Typically, we have ORDER tables and CUSTOMER tables that contain the following columns:

  •  Order Table
  •  Order number (Ordered)
  •  Customer ID (Customer)
  •  Order Number (OrderNumber)
  •  total amount (total amount)
  •  Customer Table
  •  Id
  •  first name
  •  LastName
  •  City
  •  Country

The SQL query based on the above columns is as follows:

SELECT OrderNumber, TotalAmount, FirstName, LastName, City, Country

FROM Order

JOIN Customer

ON Order.CustomerId = Customer. Id

22. You are given a dataset about a cancer diagnosis. You have built a classification model and achieved 96% accuracy. What method do you suggest to evaluate its performance?

Early detection is crucial in cases like cancer and can significantly improve the patient’s prognosis. In matters related to diagnosis, we face a big problem called data imbalance. In an imbalanced data set, accuracy should be considered a performance measure, and thus we should focus on the remaining four percent that may indicate misdiagnosis. Therefore, to evaluate the model’s performance, we must use the sensitivity criterion for the actual positive rate, the specificity for the real negative rate, and the F criterion to determine the classifier’s performance.
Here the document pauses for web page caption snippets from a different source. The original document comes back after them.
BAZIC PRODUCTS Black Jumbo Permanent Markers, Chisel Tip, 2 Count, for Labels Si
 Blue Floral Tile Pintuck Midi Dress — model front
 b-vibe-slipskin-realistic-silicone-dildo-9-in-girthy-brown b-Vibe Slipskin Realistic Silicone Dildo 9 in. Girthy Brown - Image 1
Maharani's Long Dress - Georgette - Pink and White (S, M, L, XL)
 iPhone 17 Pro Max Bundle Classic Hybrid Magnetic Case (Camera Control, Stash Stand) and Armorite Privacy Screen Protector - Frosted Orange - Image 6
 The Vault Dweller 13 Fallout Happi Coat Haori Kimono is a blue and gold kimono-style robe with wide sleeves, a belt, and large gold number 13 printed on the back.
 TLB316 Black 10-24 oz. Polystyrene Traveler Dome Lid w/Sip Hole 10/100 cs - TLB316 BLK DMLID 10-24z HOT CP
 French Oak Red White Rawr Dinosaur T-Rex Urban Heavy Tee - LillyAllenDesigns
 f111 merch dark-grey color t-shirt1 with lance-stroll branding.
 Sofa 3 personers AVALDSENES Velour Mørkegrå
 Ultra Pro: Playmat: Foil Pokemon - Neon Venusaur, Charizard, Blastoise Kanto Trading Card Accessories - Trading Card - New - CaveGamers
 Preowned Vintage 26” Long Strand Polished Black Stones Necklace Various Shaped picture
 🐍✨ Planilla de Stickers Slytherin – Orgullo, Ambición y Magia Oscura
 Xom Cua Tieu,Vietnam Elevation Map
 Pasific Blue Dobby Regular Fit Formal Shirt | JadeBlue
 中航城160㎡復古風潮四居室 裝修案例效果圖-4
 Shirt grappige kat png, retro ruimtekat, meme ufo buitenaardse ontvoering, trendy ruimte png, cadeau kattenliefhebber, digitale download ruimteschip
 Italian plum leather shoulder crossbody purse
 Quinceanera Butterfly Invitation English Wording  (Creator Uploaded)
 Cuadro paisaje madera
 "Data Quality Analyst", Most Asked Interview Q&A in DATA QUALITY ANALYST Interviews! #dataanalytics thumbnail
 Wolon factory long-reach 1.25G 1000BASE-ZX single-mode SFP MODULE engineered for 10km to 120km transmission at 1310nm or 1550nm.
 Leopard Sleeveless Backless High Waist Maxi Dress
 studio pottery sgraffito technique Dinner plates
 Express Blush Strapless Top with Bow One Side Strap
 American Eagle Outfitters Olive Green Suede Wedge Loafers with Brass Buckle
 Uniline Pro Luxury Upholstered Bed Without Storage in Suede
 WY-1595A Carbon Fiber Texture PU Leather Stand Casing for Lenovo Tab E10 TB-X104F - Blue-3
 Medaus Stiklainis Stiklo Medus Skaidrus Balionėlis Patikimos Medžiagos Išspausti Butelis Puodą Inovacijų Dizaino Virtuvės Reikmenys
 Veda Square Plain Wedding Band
23. Which of the following machine learning algorithms can be used to impute missing values ​​for categorical and continuous variables?

  • K-means clustering
  •  Linear regression
  •  K-NN (k-nearest neighbor)
  •  Decision trees

We can use the K-nearest neighbor algorithm because it can calculate the nearest neighbor distance, and if it does not have a value, it will calculate the closest neighbor distance based on other features.

We need to do this in our preprocessing when dealing with K-means clustering or linear regression. Otherwise, the calculations will suffer. Decision trees have the same problem in most cases.